━━━ Records supplied

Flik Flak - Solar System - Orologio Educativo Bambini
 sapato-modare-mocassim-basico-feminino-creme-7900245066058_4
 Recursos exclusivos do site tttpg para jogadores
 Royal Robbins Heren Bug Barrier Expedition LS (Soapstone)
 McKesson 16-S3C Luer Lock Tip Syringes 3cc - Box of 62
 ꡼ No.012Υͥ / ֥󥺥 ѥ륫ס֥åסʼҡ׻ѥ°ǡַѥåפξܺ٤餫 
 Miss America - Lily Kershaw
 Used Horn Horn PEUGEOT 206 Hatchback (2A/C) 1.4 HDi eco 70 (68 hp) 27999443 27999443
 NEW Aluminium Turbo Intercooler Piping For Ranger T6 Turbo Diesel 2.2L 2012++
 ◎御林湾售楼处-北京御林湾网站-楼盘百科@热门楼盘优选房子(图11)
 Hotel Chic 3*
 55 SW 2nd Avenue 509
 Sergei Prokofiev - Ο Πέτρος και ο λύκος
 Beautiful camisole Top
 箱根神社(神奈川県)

━━━━━━

Nothing in the entries should be left out; please reproduce them all exactly.

Task answer:
Flik Flak - Solar System - Orologio Educativo Bambini
 sapato-modare-mocassim-basico-feminino-creme-7900245066058_4
 Recursos exclusivos do site tttpg para jogadores
 Royal Robbins Heren Bug Barrier Expedition LS (Soapstone)
 McKesson 16-S3C Luer Lock Tip Syringes 3cc - Box of 62
 ꡼ No.012Υͥ / ֥󥺥 ѥ륫ס֥åסʼҡ׻ѥ°ǡַѥåפξܺ٤餫 
 Miss America - Lily Kershaw
 Used Horn Horn PEUGEOT 206 Hatchback (2A/C) 1.4 HDi eco 70 (68 hp) 27999443 27999443
 NEW Aluminium Turbo Intercooler Piping For Ranger T6 Turbo Diesel 2.2L 2012++
 ◎御林湾售楼处-北京御林湾网站-楼盘百科@热门楼盘优选房子(图11)
 Hotel Chic 3*
 55 SW 2nd Avenue 509
 Sergei Prokofiev - Ο Πέτρος και ο λύκος
 Beautiful camisole Top
 箱根神社(神奈川県)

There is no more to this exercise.